> **WHAT YOU ARE ASKED TO DO**:
For every line in the records below that contains the word "Stainless", add one to a count, and report only that count.

> **RECORD EXTRACTS**:

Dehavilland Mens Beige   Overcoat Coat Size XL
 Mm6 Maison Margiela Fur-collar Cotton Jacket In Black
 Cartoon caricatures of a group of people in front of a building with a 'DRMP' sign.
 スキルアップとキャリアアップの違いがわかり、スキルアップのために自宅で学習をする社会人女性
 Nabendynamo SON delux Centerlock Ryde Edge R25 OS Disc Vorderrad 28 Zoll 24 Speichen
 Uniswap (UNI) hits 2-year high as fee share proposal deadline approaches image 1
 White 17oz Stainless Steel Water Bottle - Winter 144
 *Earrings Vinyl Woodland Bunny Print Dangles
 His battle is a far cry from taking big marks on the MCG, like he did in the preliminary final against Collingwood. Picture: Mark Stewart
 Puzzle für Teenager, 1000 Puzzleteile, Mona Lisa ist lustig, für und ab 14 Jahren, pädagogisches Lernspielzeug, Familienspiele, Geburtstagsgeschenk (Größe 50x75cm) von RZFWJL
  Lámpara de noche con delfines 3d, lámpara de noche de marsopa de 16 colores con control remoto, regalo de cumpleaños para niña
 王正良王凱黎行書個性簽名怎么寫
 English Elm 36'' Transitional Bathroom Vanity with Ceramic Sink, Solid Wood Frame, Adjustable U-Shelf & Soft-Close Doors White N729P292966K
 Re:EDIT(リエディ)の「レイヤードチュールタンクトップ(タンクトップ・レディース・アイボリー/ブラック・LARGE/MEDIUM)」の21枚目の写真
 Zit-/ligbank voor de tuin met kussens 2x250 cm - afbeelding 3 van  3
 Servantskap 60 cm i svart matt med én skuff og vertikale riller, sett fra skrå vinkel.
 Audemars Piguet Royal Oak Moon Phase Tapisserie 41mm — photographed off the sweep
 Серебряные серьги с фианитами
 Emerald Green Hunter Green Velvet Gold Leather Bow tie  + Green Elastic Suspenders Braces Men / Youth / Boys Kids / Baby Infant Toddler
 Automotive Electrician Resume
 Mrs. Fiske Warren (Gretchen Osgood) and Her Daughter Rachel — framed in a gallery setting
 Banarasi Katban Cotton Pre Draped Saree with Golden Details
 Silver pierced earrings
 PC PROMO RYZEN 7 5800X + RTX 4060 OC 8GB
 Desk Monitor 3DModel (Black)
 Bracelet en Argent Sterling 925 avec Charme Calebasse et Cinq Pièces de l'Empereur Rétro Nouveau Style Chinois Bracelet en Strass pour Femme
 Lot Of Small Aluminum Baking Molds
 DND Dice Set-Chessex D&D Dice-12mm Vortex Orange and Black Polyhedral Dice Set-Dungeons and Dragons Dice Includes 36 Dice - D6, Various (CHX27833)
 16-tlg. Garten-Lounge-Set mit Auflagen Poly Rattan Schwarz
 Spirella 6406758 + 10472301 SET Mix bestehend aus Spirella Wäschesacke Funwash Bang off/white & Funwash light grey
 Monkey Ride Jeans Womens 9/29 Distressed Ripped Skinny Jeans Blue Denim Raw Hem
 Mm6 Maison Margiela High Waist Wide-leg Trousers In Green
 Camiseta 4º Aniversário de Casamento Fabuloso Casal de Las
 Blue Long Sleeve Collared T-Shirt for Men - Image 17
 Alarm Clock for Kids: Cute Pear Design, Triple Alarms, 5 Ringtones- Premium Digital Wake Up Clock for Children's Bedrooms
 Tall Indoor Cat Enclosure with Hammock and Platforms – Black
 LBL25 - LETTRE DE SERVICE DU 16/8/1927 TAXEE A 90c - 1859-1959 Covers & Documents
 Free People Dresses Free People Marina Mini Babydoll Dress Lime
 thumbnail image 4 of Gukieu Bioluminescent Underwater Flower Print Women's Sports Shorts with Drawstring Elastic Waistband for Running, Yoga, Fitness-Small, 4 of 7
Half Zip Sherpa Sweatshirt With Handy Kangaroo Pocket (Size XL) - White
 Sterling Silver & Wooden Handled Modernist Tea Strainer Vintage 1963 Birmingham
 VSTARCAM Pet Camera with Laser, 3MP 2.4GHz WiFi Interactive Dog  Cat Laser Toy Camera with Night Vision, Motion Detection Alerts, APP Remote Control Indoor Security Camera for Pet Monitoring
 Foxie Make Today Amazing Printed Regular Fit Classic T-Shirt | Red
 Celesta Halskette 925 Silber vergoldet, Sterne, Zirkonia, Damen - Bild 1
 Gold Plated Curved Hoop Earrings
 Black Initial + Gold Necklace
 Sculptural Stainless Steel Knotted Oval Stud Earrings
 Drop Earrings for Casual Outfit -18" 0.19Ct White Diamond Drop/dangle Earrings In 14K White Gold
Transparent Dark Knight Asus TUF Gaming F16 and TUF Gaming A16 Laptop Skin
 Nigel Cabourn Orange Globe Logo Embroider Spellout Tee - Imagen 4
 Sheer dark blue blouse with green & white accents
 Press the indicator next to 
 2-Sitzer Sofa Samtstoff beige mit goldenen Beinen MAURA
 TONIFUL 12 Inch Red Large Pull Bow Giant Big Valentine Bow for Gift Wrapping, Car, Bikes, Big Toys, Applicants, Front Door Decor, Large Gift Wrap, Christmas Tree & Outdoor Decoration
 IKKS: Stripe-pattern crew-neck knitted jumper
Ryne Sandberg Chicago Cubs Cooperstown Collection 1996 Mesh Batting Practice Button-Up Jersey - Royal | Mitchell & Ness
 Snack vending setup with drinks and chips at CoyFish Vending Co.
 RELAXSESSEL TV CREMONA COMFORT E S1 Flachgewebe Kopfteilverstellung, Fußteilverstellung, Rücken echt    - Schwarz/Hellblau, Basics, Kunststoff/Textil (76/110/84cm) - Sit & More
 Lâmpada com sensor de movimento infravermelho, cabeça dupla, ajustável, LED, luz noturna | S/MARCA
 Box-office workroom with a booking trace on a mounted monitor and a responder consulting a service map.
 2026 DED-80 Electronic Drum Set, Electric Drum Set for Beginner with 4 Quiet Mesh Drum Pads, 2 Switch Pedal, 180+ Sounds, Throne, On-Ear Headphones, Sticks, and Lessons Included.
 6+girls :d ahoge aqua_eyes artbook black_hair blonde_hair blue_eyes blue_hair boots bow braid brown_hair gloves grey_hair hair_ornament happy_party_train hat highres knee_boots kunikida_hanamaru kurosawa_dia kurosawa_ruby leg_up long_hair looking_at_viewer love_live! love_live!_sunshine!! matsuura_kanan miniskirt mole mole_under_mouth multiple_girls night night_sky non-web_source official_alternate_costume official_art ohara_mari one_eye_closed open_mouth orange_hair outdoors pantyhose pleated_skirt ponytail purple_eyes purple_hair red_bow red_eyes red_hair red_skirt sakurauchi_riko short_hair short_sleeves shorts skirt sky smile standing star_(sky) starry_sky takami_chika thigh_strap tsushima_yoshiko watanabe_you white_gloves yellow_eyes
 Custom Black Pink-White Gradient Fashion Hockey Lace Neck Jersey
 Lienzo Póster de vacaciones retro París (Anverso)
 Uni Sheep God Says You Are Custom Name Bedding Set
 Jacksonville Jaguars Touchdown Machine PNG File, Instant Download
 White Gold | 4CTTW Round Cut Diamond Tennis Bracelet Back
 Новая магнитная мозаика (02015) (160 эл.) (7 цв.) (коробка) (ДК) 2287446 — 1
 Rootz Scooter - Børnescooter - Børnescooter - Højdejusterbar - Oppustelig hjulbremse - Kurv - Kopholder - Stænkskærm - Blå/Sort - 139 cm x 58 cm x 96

> **ANSWER TO THIS PROBLEM**:
2